A false sense of security persists surrounding digitized documents: because an infinite number of identical copies can be made of any original, most of us believe that our electronic files have an indefinite shelf life and unlimited retrieval opportunities. In fact, preserving the world’s online content is an increasing concern, particularly as file formats (and the hardware and software used to run them) become scarce, inaccessible, or antiquated, technologies evolve, and data decays. Without constant maintenance and management, most digital information will be lost in just a few decades. Our modern records are far from permanent.

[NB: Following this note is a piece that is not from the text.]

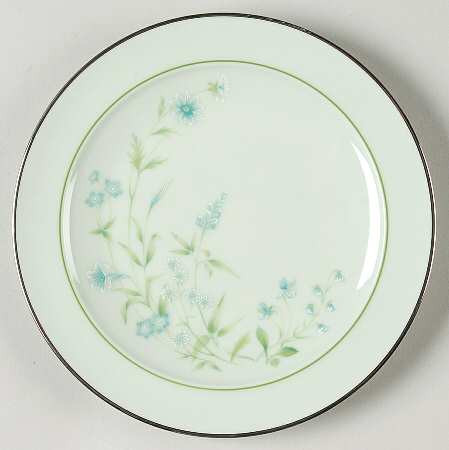 Cherish Bread and Butter Plate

Obstacles to data preservation are generally divided into three broad categories: hardware longevity (e.g., a hard drive that degrades and eventually fails); format accessibility (a 5 ¼ inch floppy disk formatted with a filesystem that can’t be read by a new laptop); and comprehensibility (a document with a long-abandoned file type that can’t be interpreted by any modern machine). The problem is compounded by encryption (data designed to be inaccessible) and abundance (deciding what among the vast human archive of stored data is actually worth preserving).
The looming threat of the so-called “Digital Dark Age”, accelerated by the extraordinary growth of an invisible commodity — data — suggests we have fallen from a golden age of preservation in which everything of value was saved. In fact, countless records of previous historical eras have all but disappeared. The first Dark Ages, shorthand for the period beginning with the fall of the Roman Empire and stretching into the Middle Ages (00500-01000 CE), weren’t actually characterized by intellectual and cultural emptiness but rather by a dearth of historical documentation produced during that era.
Even institutions built for the express purpose of information preservation have succumbed to the ravages of time, natural disaster or human conquest. The famous library of Alexandria, one of the most important repositories of knowledge in the ancient world, eventually faded into obscurity. Built in the fourth century B.C., the library flourished for some six centuries, an unparalleled center of intellectual pursuit. Alexandria’s archive was said to contain half a million papyrus scrolls — the largest collection of manuscripts in the ancient world — including works by Plato, Aristotle, Homer and Herodotus. By the fifth century A.D., however, the majority of its collections had been stolen or destroyed, and the library fell into disrepair.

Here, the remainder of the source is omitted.